George Kobayashi 小林 ジョージ

Personal information
- Full name: George Kobayashi
- Date of birth: November 29, 1947 (age 77)
- Place of birth: São Paulo, Brazil
- Height: 1.73 m (5 ft 8 in)
- Position(s): Midfielder

Senior career*
- Years: Team / Apps / (Gls)
- 1971–1976: Yanmar Diesel / 92 / (7)
- Total:  / 92 / (7)

International career
- 1972: Japan / 3 / (0)

Medal record
Yanmar Diesel
| Winner | Japan Soccer League | 1971 |
| Winner | Japan Soccer League | 1974 |
| Winner | Japan Soccer League | 1975 |
| Runner-up | Japan Soccer League | 1972 |
| Winner | Emperor's Cup | 1974 |
| Runner-up | Emperor's Cup | 1971 |
| Runner-up | Emperor's Cup | 1972 |
| Runner-up | Emperor's Cup | 1976 |

= George Kobayashi =

Japanese footballer

George Kobayashi (小林 ジョージ, Kobayashi George) is a former Japanese footballer.
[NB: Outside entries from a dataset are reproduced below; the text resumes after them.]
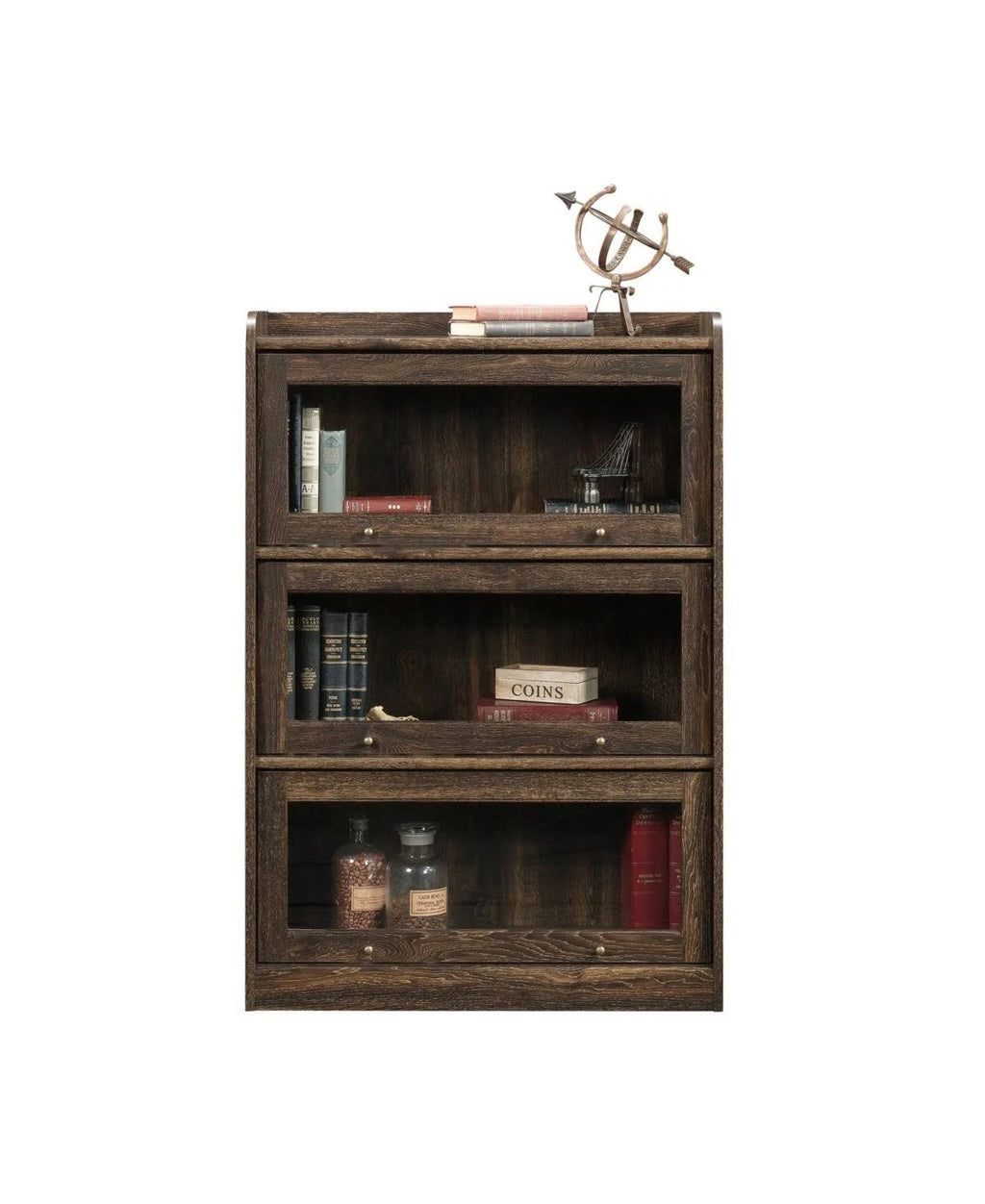 3-Shelf Bookcase, Iron Oak I796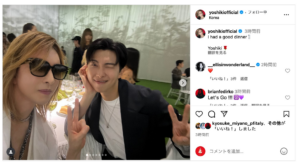 YOSHIKI、Instagram投稿が世界で話題に　BTSやBLACKPINKと交流　Frieze Seoulで際立つ存在感 | YOSHIKI PR事務局のプレスリリース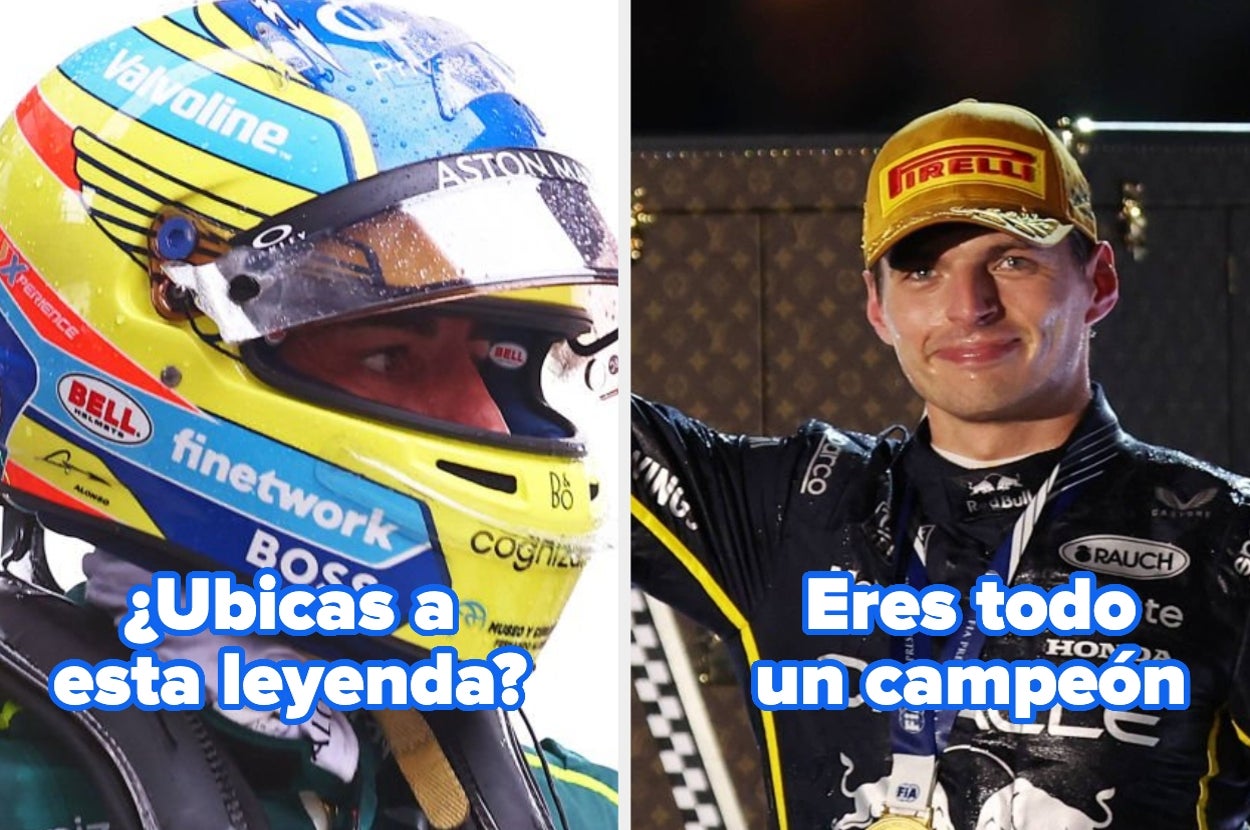 ¿Puedes reconocer al piloto de Fórmula 1 solo por su mirada bajo el casco?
He played as a midfielder for Japan national team.

==Club career==
Kobayashi was born in São Paulo, Brazil on November 29, 1947. He moved to Japan and joined Yanmar Diesel in 1971. The club won the league championship in 1971, 1974, and 1975. The club also won the 1974 Emperor's Cup. He retired in 1976. He played 92 games and scored 7 goals in the league. He was selected Best Eleven in 1974 and 1975.

==National team career==
On July 16, 1972, Kobayashi debuted for Japan national team against Sri Lanka. He played 3 games for Japan in 1972.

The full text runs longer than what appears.